◆ **ACTIVITY**: One line at a time, check the entries below for the word "Mercedes", and copy each line that has it.

◆ **Source data**:
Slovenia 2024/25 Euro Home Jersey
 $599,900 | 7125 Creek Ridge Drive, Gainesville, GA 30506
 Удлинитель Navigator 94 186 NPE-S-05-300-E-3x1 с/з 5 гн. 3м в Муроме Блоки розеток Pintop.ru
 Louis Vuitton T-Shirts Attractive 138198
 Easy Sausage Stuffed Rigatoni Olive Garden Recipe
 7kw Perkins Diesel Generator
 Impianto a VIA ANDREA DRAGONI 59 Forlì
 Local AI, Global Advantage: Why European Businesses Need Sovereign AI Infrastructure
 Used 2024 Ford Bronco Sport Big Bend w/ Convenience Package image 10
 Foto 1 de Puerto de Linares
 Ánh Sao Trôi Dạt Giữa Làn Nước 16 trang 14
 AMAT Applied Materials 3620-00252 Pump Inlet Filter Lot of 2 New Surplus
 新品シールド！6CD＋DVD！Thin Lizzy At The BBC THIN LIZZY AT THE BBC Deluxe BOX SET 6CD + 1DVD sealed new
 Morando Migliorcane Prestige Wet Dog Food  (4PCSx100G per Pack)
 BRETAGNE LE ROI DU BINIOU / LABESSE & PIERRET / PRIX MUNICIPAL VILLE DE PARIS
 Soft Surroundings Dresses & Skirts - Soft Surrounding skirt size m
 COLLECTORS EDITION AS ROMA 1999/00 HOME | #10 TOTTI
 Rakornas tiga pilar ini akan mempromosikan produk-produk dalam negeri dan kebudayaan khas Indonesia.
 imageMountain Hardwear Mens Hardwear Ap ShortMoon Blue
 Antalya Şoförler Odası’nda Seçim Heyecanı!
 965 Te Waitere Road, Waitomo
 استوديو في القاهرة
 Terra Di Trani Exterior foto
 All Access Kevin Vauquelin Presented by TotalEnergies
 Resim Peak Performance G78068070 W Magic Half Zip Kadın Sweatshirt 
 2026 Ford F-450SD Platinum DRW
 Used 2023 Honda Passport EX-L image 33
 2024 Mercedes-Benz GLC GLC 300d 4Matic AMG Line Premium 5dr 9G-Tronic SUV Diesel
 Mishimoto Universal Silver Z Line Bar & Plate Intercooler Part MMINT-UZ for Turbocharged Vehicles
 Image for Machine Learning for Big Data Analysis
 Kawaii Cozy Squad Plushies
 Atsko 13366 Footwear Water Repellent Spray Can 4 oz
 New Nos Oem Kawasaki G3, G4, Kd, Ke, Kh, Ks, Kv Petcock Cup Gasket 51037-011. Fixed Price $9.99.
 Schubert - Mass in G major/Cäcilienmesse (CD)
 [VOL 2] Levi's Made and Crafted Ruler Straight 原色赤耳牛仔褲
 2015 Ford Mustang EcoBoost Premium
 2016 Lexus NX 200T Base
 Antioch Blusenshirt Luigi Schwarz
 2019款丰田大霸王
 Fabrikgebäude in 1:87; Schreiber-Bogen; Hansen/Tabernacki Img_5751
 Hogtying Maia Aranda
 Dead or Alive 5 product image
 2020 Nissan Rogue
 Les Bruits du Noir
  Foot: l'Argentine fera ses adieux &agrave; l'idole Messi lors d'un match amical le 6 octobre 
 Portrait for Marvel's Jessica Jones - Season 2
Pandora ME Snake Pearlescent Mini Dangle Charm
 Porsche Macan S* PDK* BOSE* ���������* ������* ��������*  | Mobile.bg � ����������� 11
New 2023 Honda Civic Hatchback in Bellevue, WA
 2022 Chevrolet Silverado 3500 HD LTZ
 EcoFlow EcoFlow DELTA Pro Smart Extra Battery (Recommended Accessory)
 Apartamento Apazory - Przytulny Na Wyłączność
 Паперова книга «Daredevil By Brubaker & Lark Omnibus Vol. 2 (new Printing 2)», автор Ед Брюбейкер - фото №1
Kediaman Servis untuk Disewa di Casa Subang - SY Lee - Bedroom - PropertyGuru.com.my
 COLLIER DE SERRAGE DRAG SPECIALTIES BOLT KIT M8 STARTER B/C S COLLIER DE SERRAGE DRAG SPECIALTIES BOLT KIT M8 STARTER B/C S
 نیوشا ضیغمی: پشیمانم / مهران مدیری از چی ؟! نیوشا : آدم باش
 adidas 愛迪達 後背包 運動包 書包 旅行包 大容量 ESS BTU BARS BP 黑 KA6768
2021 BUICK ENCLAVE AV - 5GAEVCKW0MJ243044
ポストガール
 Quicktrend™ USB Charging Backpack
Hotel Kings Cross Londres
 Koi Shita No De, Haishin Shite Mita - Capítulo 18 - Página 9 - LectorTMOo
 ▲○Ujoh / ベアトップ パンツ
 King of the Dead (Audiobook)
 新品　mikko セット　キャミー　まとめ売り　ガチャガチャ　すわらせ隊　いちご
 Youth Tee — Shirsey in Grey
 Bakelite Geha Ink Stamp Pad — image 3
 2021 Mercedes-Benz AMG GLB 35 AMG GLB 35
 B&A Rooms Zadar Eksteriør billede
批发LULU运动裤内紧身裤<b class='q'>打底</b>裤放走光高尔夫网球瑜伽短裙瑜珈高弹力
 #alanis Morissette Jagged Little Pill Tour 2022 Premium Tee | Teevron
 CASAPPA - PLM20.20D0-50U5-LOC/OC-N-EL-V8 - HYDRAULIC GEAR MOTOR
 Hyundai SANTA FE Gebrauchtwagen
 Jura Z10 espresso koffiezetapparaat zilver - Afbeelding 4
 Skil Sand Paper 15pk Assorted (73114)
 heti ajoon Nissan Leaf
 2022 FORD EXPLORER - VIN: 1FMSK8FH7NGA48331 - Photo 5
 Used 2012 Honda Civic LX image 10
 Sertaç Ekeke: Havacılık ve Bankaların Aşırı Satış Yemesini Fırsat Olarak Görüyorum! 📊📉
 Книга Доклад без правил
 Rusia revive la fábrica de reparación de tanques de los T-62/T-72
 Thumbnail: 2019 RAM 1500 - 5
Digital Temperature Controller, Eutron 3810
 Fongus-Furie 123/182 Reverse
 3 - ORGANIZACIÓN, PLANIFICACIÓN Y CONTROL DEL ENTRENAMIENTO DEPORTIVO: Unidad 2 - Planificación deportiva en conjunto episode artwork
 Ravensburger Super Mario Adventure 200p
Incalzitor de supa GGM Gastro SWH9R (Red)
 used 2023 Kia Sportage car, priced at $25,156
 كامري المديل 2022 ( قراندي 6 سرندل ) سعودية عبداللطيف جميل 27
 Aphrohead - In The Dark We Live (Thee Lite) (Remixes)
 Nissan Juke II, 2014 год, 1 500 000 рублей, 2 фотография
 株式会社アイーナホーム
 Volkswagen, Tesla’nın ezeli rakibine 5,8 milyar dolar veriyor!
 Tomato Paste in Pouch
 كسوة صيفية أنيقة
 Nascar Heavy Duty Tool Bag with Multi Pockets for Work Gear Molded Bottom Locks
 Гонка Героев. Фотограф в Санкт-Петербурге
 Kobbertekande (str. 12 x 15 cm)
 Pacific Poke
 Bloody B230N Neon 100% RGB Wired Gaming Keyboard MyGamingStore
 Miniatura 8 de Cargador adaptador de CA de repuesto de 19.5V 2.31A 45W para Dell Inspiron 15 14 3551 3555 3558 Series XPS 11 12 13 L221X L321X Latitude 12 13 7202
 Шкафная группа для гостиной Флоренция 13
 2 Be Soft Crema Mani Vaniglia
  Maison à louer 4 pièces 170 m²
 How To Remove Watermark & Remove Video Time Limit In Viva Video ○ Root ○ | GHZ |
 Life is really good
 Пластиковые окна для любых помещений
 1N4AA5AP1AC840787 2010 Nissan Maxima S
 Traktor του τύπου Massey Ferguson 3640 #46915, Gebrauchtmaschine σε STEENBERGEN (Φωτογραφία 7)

◆ **TASK OUTPUT**:
 2024 Mercedes-Benz GLC GLC 300d 4Matic AMG Line Premium 5dr 9G-Tronic SUV Diesel
 2021 Mercedes-Benz AMG GLB 35 AMG GLB 35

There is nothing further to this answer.